# Estimating per-input regression deviation

Recently I’ve worked on two regression problems in which it was useful to predict the estimate confidence as well as the expected value for each separate input. Conceptually this is simple, but I’ve found few definitive answers and ready-to-use models, so I’ll share a few thoughts and experiments. Since estimating “confidence” is not clearly defined, I’ll talk about estimating the parameters of a normal (Gaussian) distribution: the mean value and standard deviation.

### Motivation

There are a few reasons why we’d want to have an estimation of regression deviation:

• Report it to the end user (directly or by predicting a range).
• Detect which regions of the input space have more deviation in the target value.
• Discard high-deviation predictions to lower the expected error.
• Offer guarantees on the maximum predicted error.

These reasons are not independent of each other, I just want to stress we can arrive to the need for this estimation coming from several points of view.

### Input space assumptions

This approach relies on the input space having regions with varying target value statistics. There must exist regions in which the target value can be predicted with more confidence (less deviation) then in others. I believe this is often the case, here are a few common causes:

#### 1. Variable training set density

Different events have different occurrence frequencies and we sometimes need to model less frequent events. It might not be obvious in which input space regions we have more data, especially when the input space dimensionality is high.

Formally, we’re talking about the distribution of samples in input space p(x). Here’s a plot with an arbitrary function sampled across the domain of interest uniformly and normally.

If we were to train a model to predict the target value based on a sample of data normally distributed in the input domain, it’s likely it would have a greater error in regions in which the input density is lower.

#### 2. Hidden causalities and variable noise

It’s common that our input features don’t completely describe the domain. For example, let’s assume we’re predicting a simple function f(x, x) =x₀ + 0.1 * x₀ * x₁, but we only have x₀ as an input feature.

We can easily model this function and predictions will be useful across the whole input domain. However, the mean error will on average increase linearly with x₀ and it might be beneficial to report that.

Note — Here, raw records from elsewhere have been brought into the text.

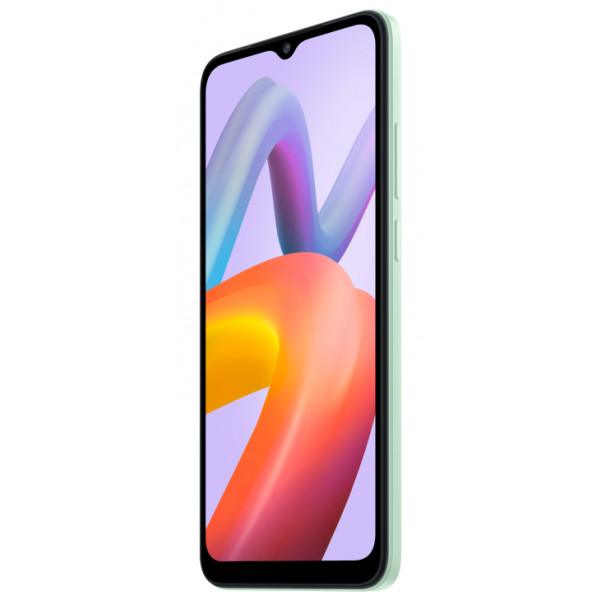 Фото - Смартфон Xiaomi Redmi A2 2/32Gb Light Green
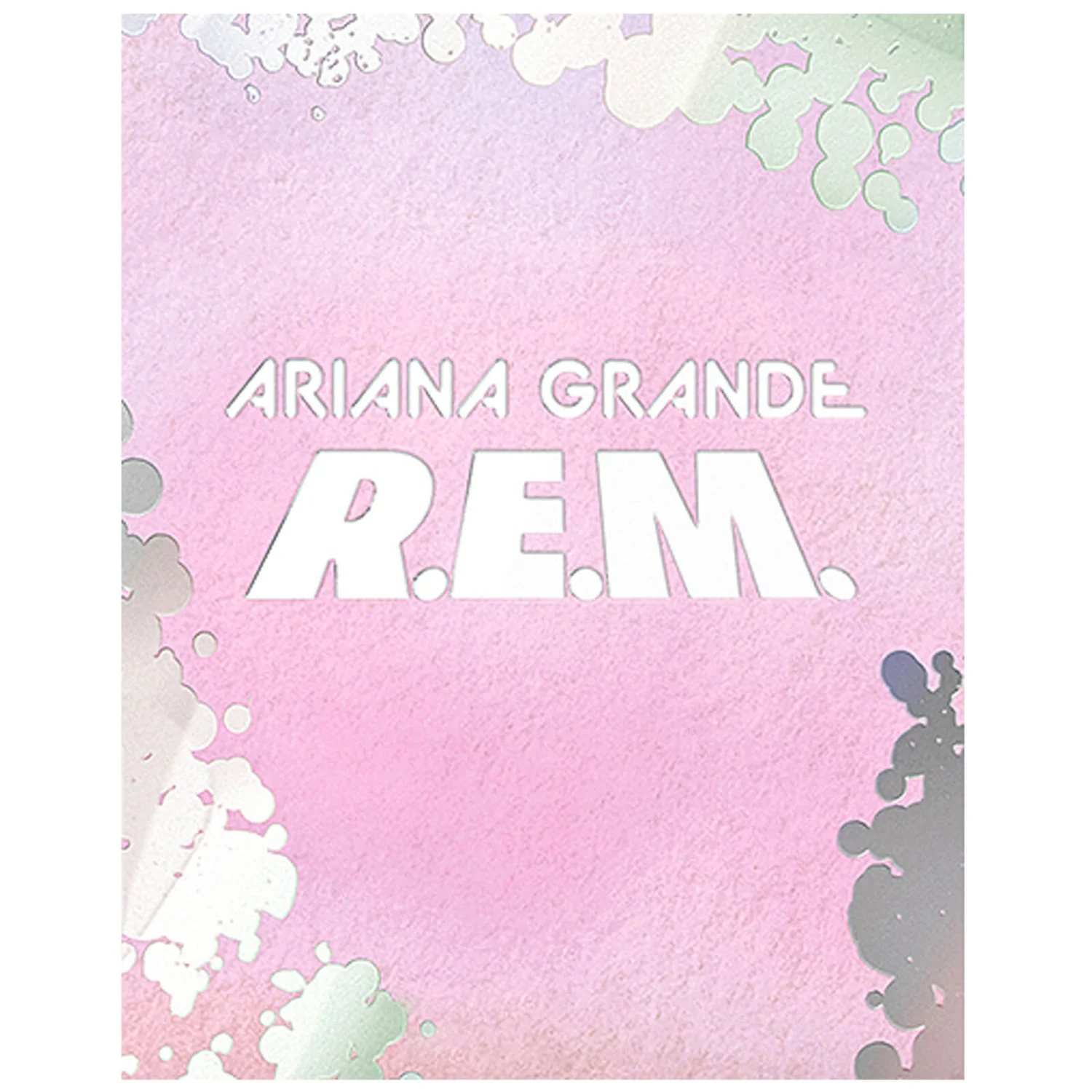 ARIANA GRANDE R.E.M Eau De Parfum Spray 100ml 4 ARIANA GRANDE R.E.M Eau De Parfum Spray 100ml - Image 2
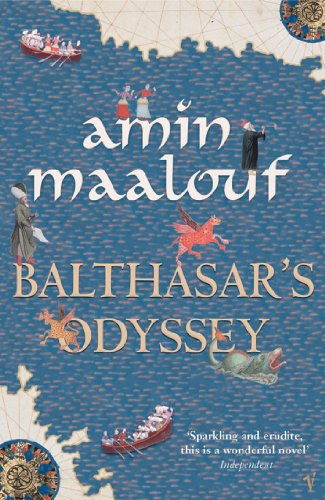 BATHASARS ODYSSEY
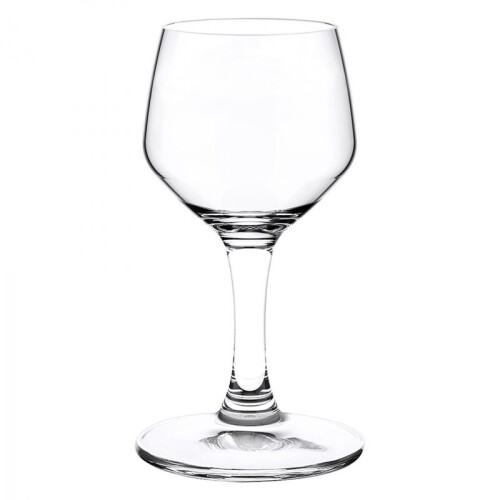 Carré sklenička na vodku 4 cl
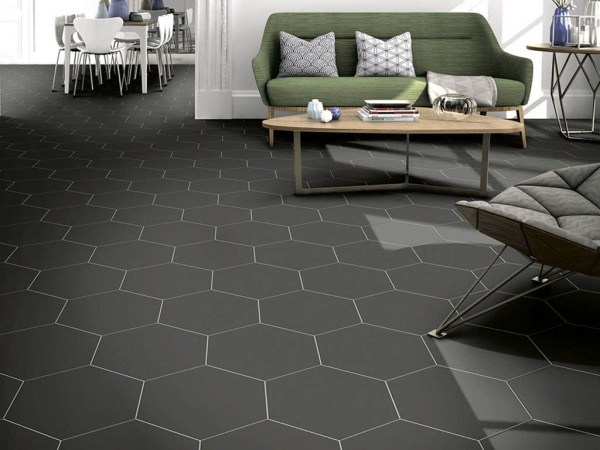 Плитка HEXAMIX (Realonda Ceramica) в Москве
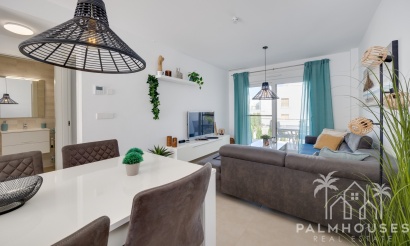 Herverkoop - Appartement - Pilar de La Horadada - Pilar de la Horadada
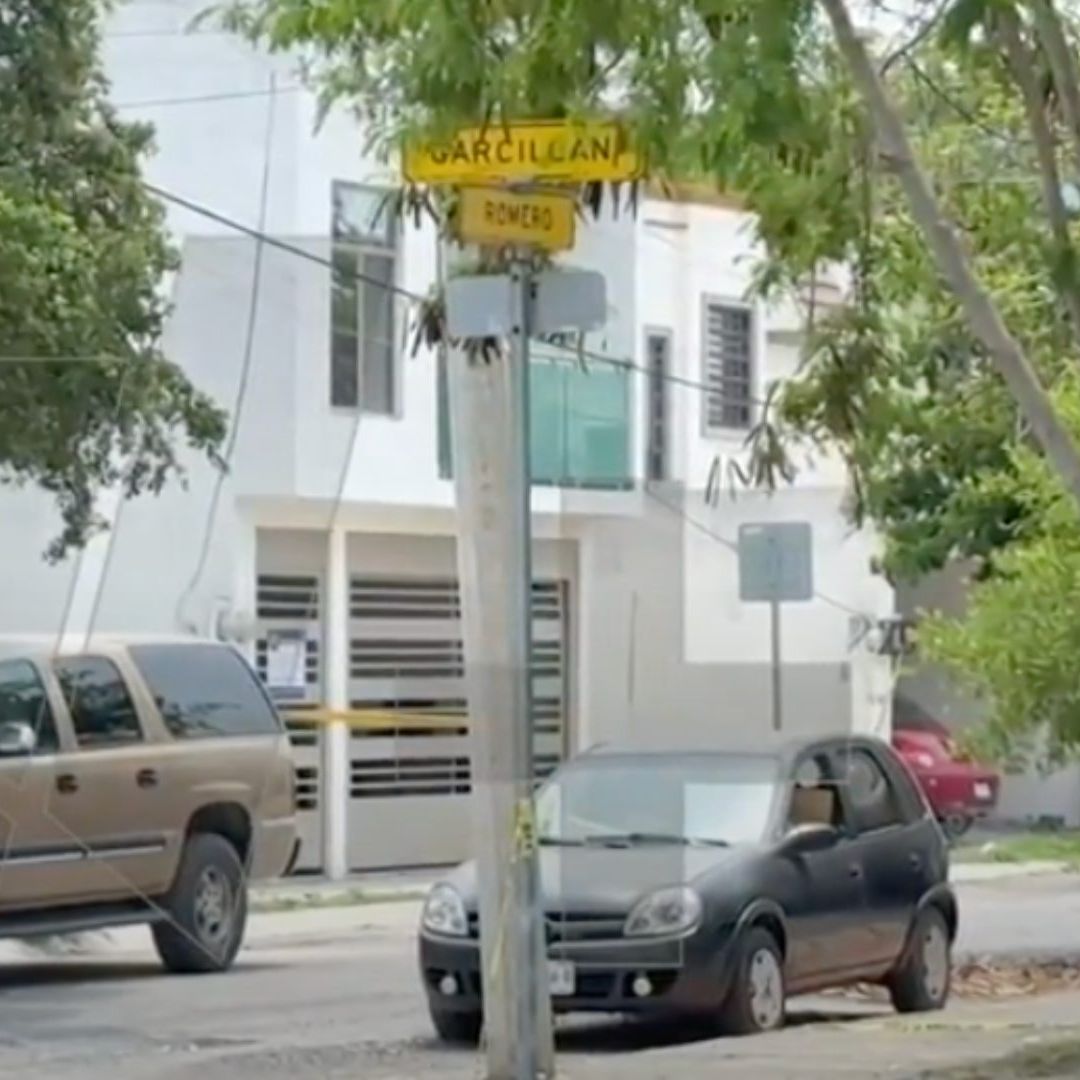 Cateo casa Guadalupe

Hidden causes could be considered input noise, but there could be other sources of noise variation. Measurement instruments might behave differently in different regions. Human annotators vary and that might be correlated to input space.

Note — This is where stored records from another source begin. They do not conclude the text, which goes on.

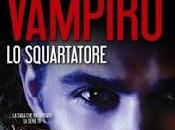 Recensione: Diario Vampiro Squartatore Lisa Jane Smith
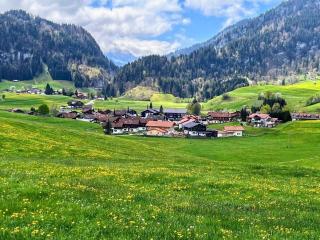 Ferienwohnung Bergleuchten - 6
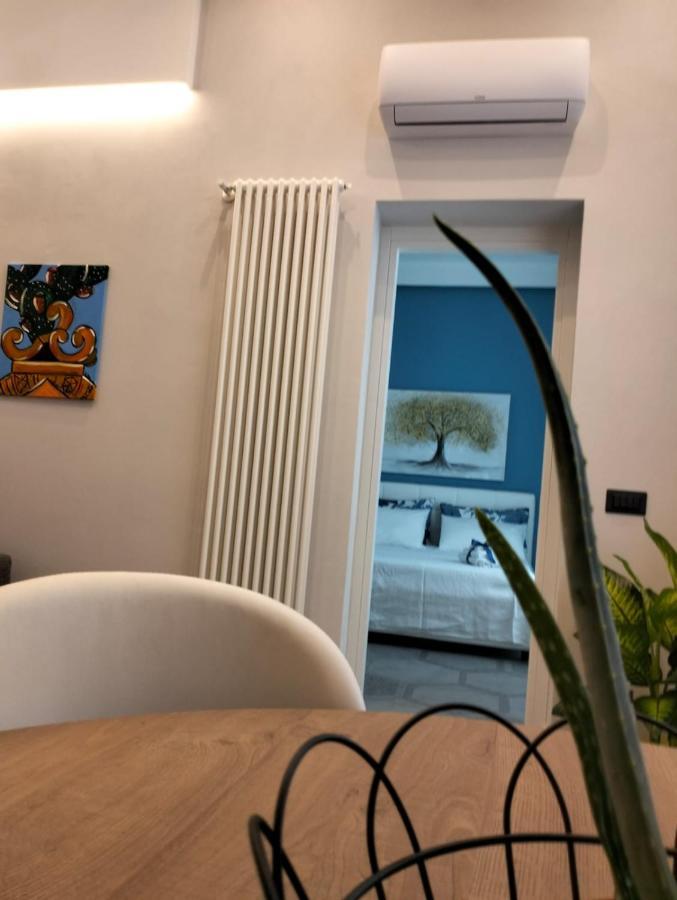 Al Massimo Apartment Palermo Esterno foto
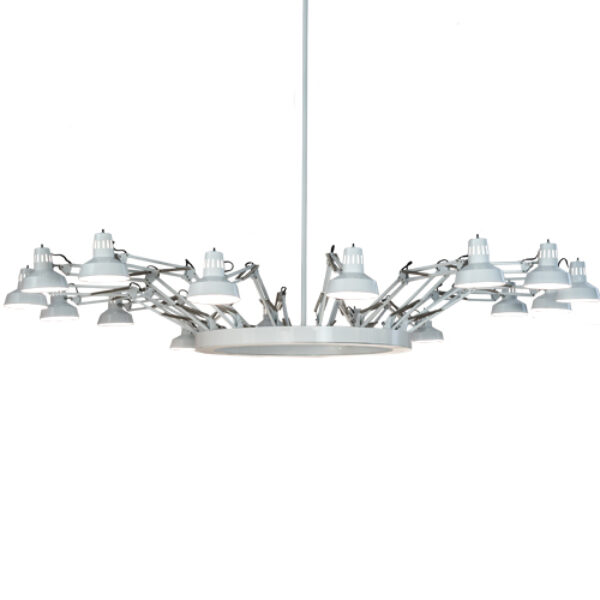 8678743 | 94" Wide Whitby Chandelier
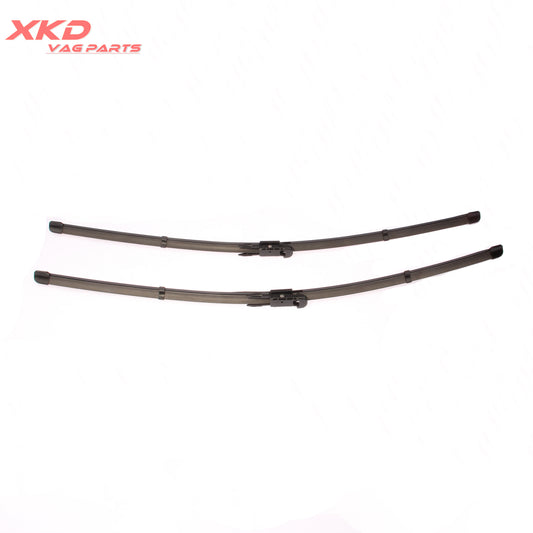 new 2-piece windshield wiper kit for Audi Q7 07-14 4L1998002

### Formal problem definition

Assume a dataset consisting N training pairs, each having a d-dimensional vector of input features xᵢ, i ∈ {0, N - 1}, xᵢ ∈ ℝᵈ and the value we want to predict yᵢ ∈ ℝ. Our regression model is a function y`ᵢ = f(xᵢ). Predictions y`ᵢ are imperfect due to data and modelling limitations and we want to reformulate the problem into predicting a normal distribution N(μᵢ, σ²ᵢ) with mean μᵢ = y`ᵢ = f(xᵢ) and standard deviation σ² = g(xᵢ).

This formulation has a well defined error metric. We can calculate the density of the distribution N(μᵢ, σ²ᵢ) in the point yᵢ: p(yᵢ | μᵢ, σ²ᵢ) and maximize it. The optimal solution will model g(x) to predict higher deviations in regions in which it’s harder to accurately predict the target and thus f(x) is on average further off from the known truth y.

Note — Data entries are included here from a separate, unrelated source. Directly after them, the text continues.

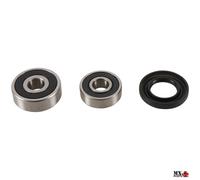 KIT CUSCINETTI RUOTA POSTERIORE HONDA CR60 1983-1984 PIVOT WORKS PWRWK-H28-001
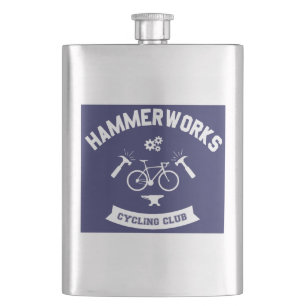 Cantil Hammerworks Cycling Club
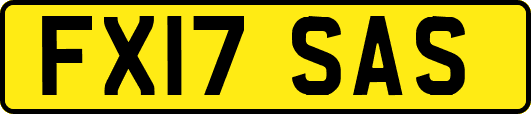 FX17SAS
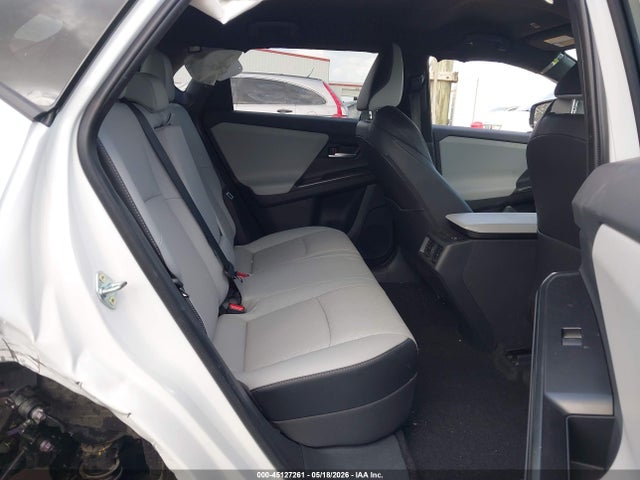 Продаж на аукціоні авто 2026 Subaru Solterra Limited Xt, vin: JTMBDAFC1TA005355, номер лоту: 45127261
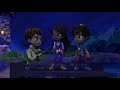 santiago of the seas full length trailer starts nov 2nd on nick jr. uk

#### Bayesian Linear Regression

The stated formulation of estimating a normal distribution of target values instead of a single point resembles Bayesian Linear Regression. However, BLR models N(μᵢ, σ²). Note that the standard deviation is not modeled per-sample, but as a single value for the whole input domain.

### Algorithms

There are many ways to approach this. There are models which do it out of the box (Gaussian Process), some can be easily adapted (ensembles, neighborhood) and I propose two ways to model σ² directly. Following is a description of these approaches. I’m sure there might be other approaches too. Feel free to comment.

#### Modeling σ² as a regression problem

The formal definition implies we could try to model the deviation function σ² = g(x) using an arbitrary regression algorithm.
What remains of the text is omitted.